以sum(c[i])(c[i]>=0)作为背包容量totV,i当作物体,c[i]当作物体体积,f[i]当作物体重量,01背包后,求max{j+DP[j]} (非负)即可。
注意:
- 这里物体体积存在负数,所以循环j时起始条件不能为j=0!而应当在for下面加if,判断子问题在minJ~maxJ范围之内。
- 初值不是DP[最左端点]=0,而是DP[0点所在位置]=0。
#include <cstdio>
#include <cstring>
#include <algorithm>
using namespace std;
const int MAX_V = 200010, MAX_OBJ = 110;
#define M(x) x+offset//move
int DP(int minJ, int maxJ, int totObj, int *_v, int *_w)
{
static int DP[MAX_V];
int offset = max(-minJ, 0);
memset(DP, 0xcf, sizeof(DP));
DP[M(0)] = 0;
for (int i = 1; i <= totObj; i++)
{
if (_v[i] <= 0)
{
for (int j = minJ; j <= maxJ; j++)
if (j >= minJ + _v[i] && j <= maxJ + _v[i])

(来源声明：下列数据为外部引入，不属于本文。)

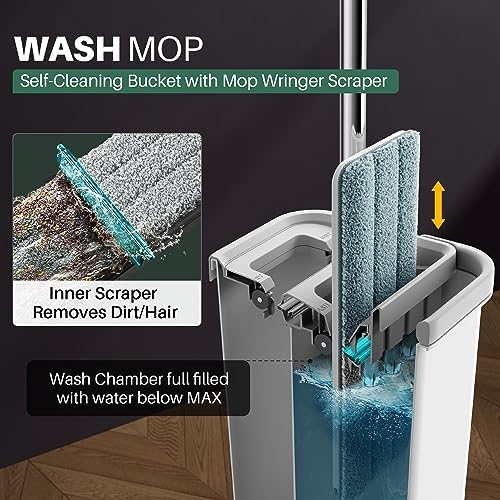 JOYMOOP Mop and Bucket with Wringer Set with 61" Mop Handle with Flexible 13" Flat Head with 7pcs Microfiber Mop Pads - White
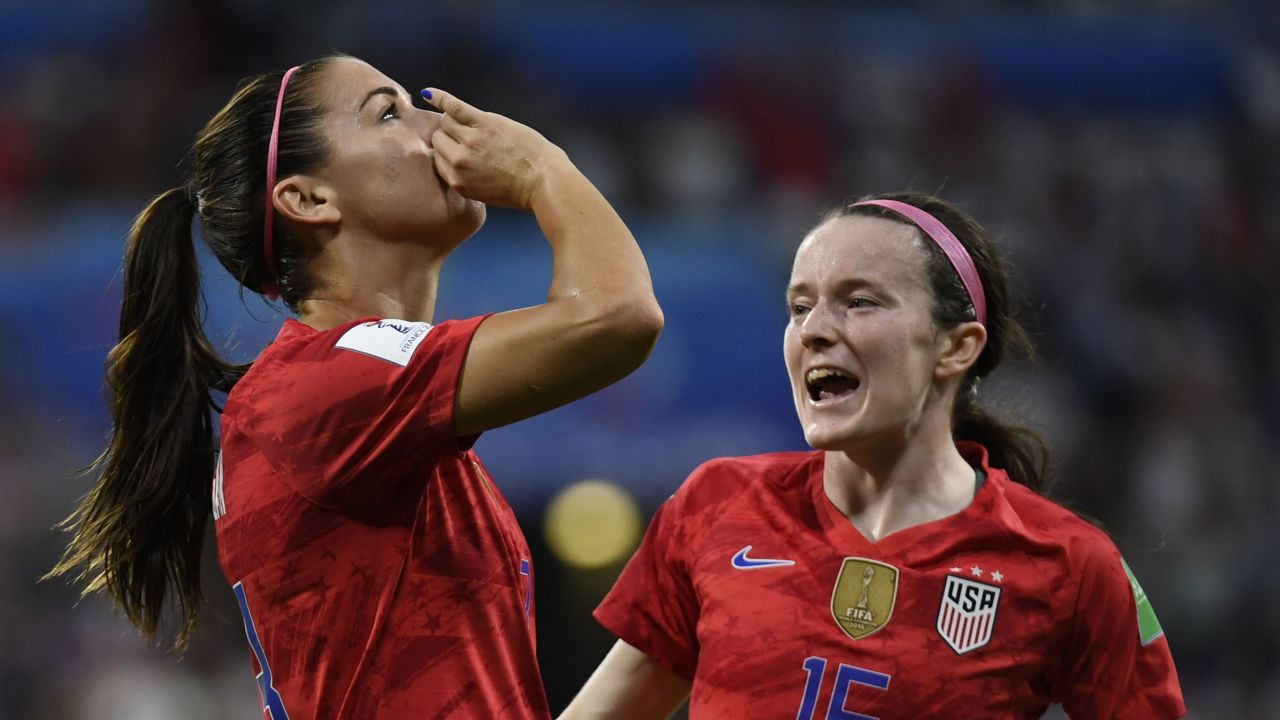 Alex Morgan celebrates her winning goal on her 30th birthday.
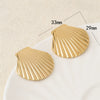 Marine Series Shell Fanshaped Earrings Stainless Steel 18K Gold Polish Women's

DP[M(j)] = max(DP[M(j)], DP[M(j - _v[i])] + _w[i]);
}
else
{
for (int j = maxJ; j >= minJ; j--)
if (j >= minJ + _v[i] && j <= maxJ + _v[i])
DP[M(j)] = max(DP[M(j)], DP[M(j - _v[i])] + _w[i]);
}
}
int ans = 0;
for (int j = 0; j <= maxJ; j++)
if(DP[M(j)] >=0)
ans = max(ans, j+DP[M(j)]);
return ans;
}
int main()
{
#ifdef _DEBUG
freopen("c:\noi\source\input.txt", "r", stdin);
#endif
static int _s[MAX_OBJ], _f[MAX_OBJ];
int n, minS = 0, maxS = 0, cnt = 0, s, f, tempAns = 0;
scanf("%d", &n);
for (int i = 1; i <= n; i++)
{
scanf("%d%d", &s, &f);
if (s >= 0 && f >= 0)
{
tempAns += s + f;
continue;
}
else if (s <= 0 && f <= 0)
continue;
else
{
cnt++;
_s[cnt] = s;
_f[cnt] = f;
_s[cnt] > 0 ? maxS += _s[cnt] : minS += _s[cnt];
}
}
printf("%d
", tempAns + DP(minS, maxS, cnt, _s, _f));
return 0;
}